Me lembro que o Lollapalooza levou o MC Kevinho para tocar no Chile, mas ele não tocou no Brasil. Não me lembro qual o motivo ou se o festival se explicou sobre isso. A Deize Tigrona é uma artista gigante na Europa, está há meses lá, fazendo show com agenda lotada. Não sei se a gente dá, aqui no Brasil, o valor que ela merece.

Você não precisa gostar da música para entender que existe um movimento cultural sólido, que gera trabalho para muita gente. Já existe essa consciência por parte do poder público? Como faz a Coreia do Sul com o K-pop, por exemplo…
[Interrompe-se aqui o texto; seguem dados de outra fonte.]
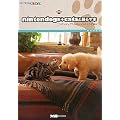 nintendogs+cats�ƕ�炷�{ (�t�@�~�ʂ̍U���{)
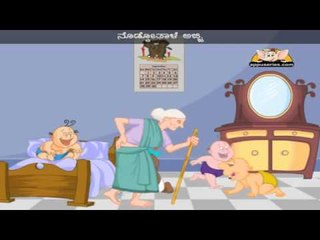 Nammaney Ajji - Nursery Rhyme with Lyrics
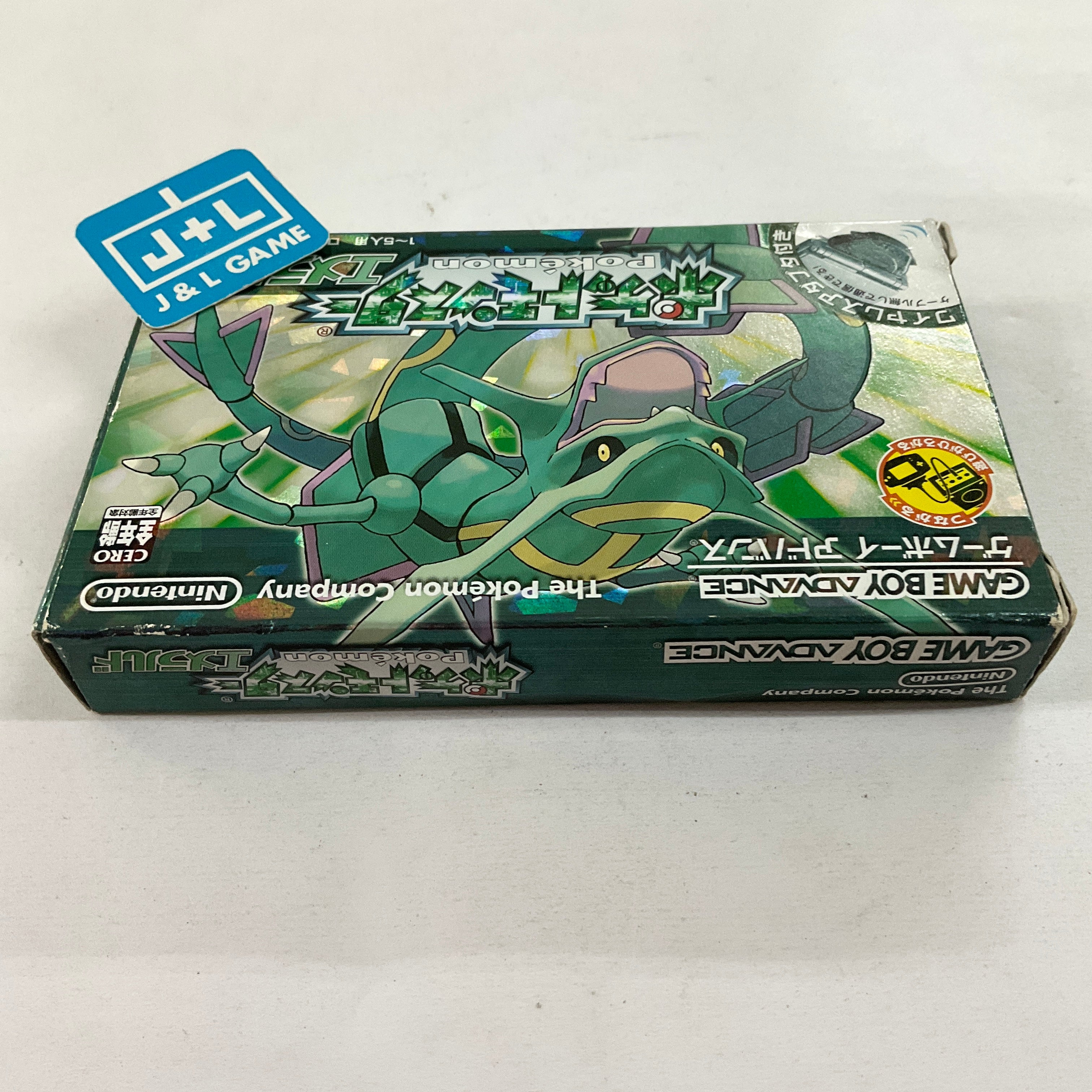 Pocket Monsters Emerald - (GBA) Game Boy Advance (Japanese Import) [Pre-Owned] Video Games The Pokemon Company   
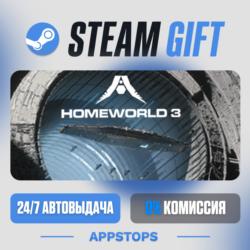 💣 Homeworld 3 Steam Gift · АВТОДОСТАВКА · РОССИЯ   СНГ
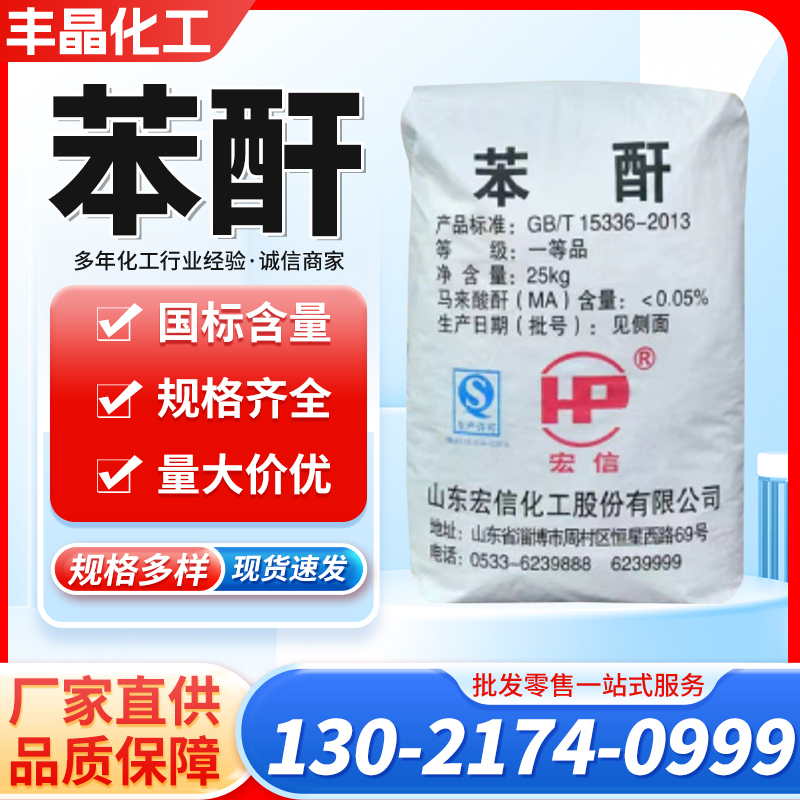 苯酐 邻苯二甲酸酐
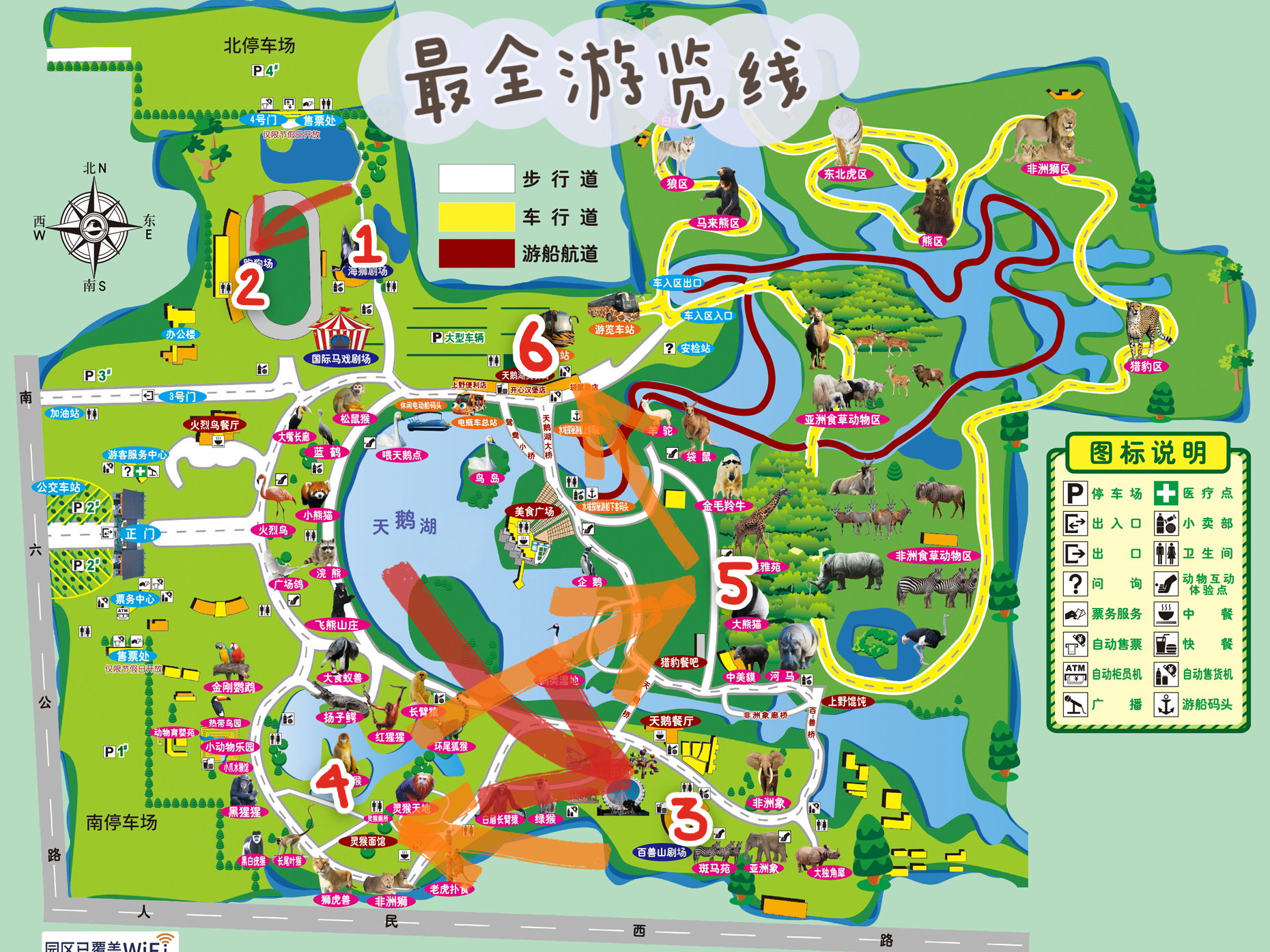 上海动物园导游图图片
O funk salva muita gente, assim como o hip-hop e o trap. Isso está no depoimento dos artistas. A MC Carol fala muito disso, e eu já cheguei a chorar ouvindo ela falar. Ela diz que o funk salvou sua vida. Ela não tinha dinheiro para pagar sequer uma conta. Com o funk, viu que podia ganhar 50 reais de cachê, a ponto de poder comprar absorventes! Foi o ponto em que ela entendeu que não precisava virar uma traficante ou roubar para sobreviver. E não são só os artistas. É o técnico de som, o roadie… o funk salva muita gente.

Mas não tem investimento, não é o K-pop. Quando faço meus projetos, todo mundo me diz “que corajoso, necessário, alguém precisava falar sobre isso”. Mas na hora de ajudar com patrocínio, não se consegue nada além dos editais. E uma lei como a Rouanet não pode ser a única solução para a cultura no Brasil. Os festivais hoje parecem um shopping center, com tantas marcas participando. Então, vemos que elas têm dinheiro para investir.

É preciso investir nos artistas, porque eles estão fazendo a roda girar. No evento que estamos fazendo no MAR, estamos contratando DJs novos, que estão no início da carreira, comprando seus equipamentos, e a Tati Quebra Barraco, uma das principais artistas do Brasil. Temos as duas pontas. Há um mercado, mas eu vivi batendo na porta de muita gente para tentar fazer coisas que não sejam só Lady Gaga e Madonna no Rio de Janeiro.

Artistas que estão usando beats de funk em seus álbuns…

A Mariah Carey anunciou que vai chamar a Luísa Sonza para fazer um beat de funk com ela! Madonna já fez. Hoje, em 2025, o funk é o gênero musical que tem mais possibilidade de exportação. Uma forma de internacionalizar nossa cultura. A Anitta, por exemplo, está lá fazendo isso sozinha.

Para quem é o evento de sábado, celebrando o Dia do Funk no MAR?

Para todo mundo. Para a comunidade. Para quem quiser chegar. Todo mundo no Rio de Janeiro tem uma história emocional com o funk. Ele está em todos os lugares, desde a favela até casamento de milionário.